El peso de los directores

Por otra parte, dar un premio basado en justificaciones cogidas por los pelos al italiano Marlo Monicelli es algo que no chirría ni provoca rechazo. Su película Queridos amigos carece de importancia dentro de la ilustre filmografía de este cineasta, pero funciona bastante bien: es sencilla, eficaz, y en ella se ve la mano de un viejo maestro indiscutido e indiscutible.

Sin embargo, podemos trasladar aquí, con más suavidad, todo lo antes dicho acerca de la película de Resnais. Si la de Monicelli es mediana, la de Resnais es intragable. Y una y otra han entrado en la lista de oro no por sus merecimientos en cuanto tales películas, sino por el peso, casi la presión, del nombre histórico de sus directores. Se premia de esta forma el pasado de éstos con las deficiencias de su presente. Son, por tanto, premios caritativos, que debieran ofender antes que a nadie a quienes los reciben. Los geniales directores de Providence y Rufufú no se merecen limosnas.

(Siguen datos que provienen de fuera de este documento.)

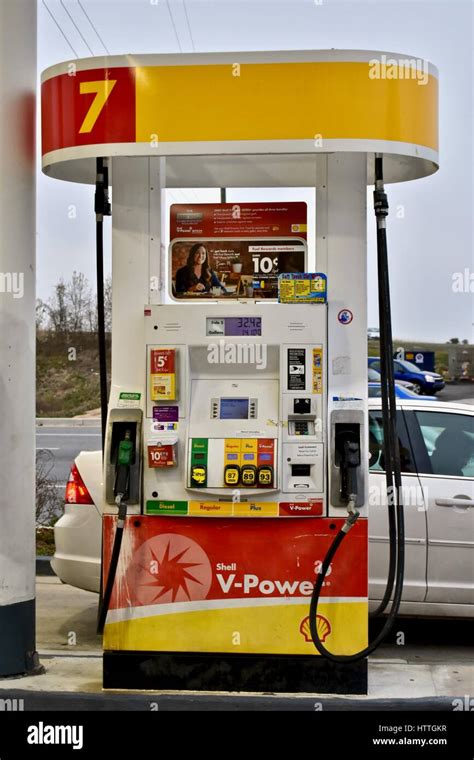 Shell Station Gas Pump Stock Photo Alamy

Finalmente, premiar El año del perro, película rusa desequilibrada y absurda, y dar una mención especial a la china titulada Huo Hu es una tomadura de pelo cuyo sentido se escapa, porque ambas parecen obras de aficionados. Por el contrario, mencionar tan sólo a la actriz puertorriqueña Rosie Pérez por su gran interpretación en la mediocre Fearless, de Peter Weir, sabe a poco, es un seudopremio que se queda muy corto ante la fuerza de esta mujer.

Un olvido explicable

Á. F.-S.La primera palabra que acude a la boca cuando se descubre que el cineasta británico Ken Loach ha sido excluido de la lista de premiados, es ésta: incomprensible. Un director que con un mínimo presupuesto, con una sola cámara en plena calle y frente a ella una docena de intérpretes, naturales o aficionados- consigue lo que Loach logra en Ladybird, ladybird es como poco ejemplar, y por ello tiene derecho a ser reconocido como un ejercicio de cine pobre lleno de conclusiones riquísimas.

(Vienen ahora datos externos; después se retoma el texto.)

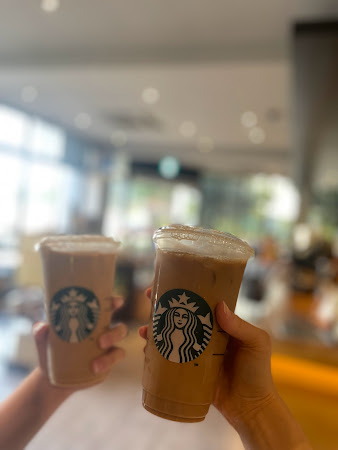 STARBUCKS 星巴克 (泰安北門市)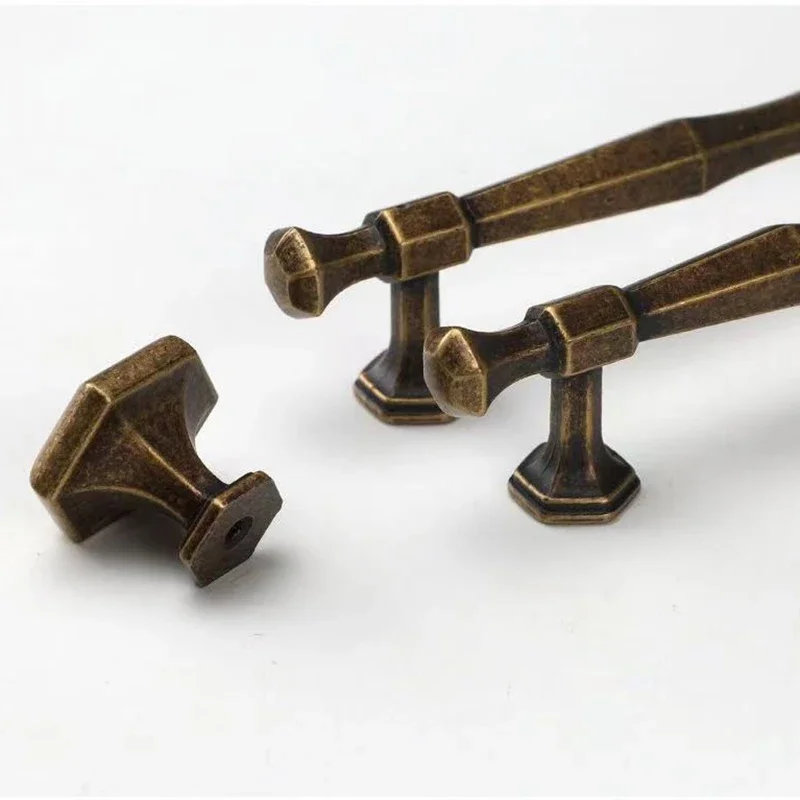 

YM Antique wardrobe door handle, modern light luxury, simple bronze, vintage single hole drawer, cupboard, wine cooler handle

Pero si se para uno a pensar con algo de malicia el carácter "incomprensible" de la exclusión de esta obra maestra de una lista de premios que acoge a varias mediocridades hirientes y cantadas; y a películas estériles desde el punto de vista industrial y de la creación artística, la exclusión comienza a entenderse y no sólo deja de ser incomprensible, sino que se hace incluso diáfana.

En efecto, las cuatro grandes películas que han entrado en combate en esta Berlinale -En el nombre del padre, Fresa y chocolate, Blanco y esta Ladybird de Loach- son todas ellas obras de fondo político y están situadas en el polo opuesto del conservadurismo. Son respuestas del arte a una serie de realidades opresivas de ahora mismo, inspiradas en hechos reales y en personas reconocibles.

Domesticadas

Pero todas -salvo una: la de Loach- ofrecen su ácido comentario rebelde y subversivo en forma de cine veraz y duro, pero domesticado, y por tanto asimilable por los sistemas contra los que arremete. No es el caso de Ladybird, una obra absolutamente indómita, que no hace la menor concesión a aquello contra lo que combate: el suelo social sobre el que todos pisamos hoy en Occidente. De ahí que el inexplicable olvido del jurado de la Berlinale sea en realidad perfectamente explicable.

Sheridan cuenta un asunto verídico de terrorismo de Estado y su película pasa, entra en las tragaderas del Reino Unido. Gutiérrez Alea desenmascara la extinción del carácter revolucionarlo que un día tuvo la revolución cubana, y su película pasa, entra en las tragaderas de Fidel Castro. Kleslowski hace una parábola feroz contra el pudridero moral sobre el que discurre en Polonia el tránsito del socialismo a la economía de mercado, y su película pasa, entra en las tragaderas de Lech Walesa.

Pero Ken Loach se limita a contar un mínimo y humilde caso entre miles de cómo funcionan en Inglaterra los servicios sociales de protección a la infancia, y su película no pasa, no hay quien la trague. Es la representación del infierno, un infierno no teológico, sino cotidiano, que está aquí al lado, que crea dolor intolerable.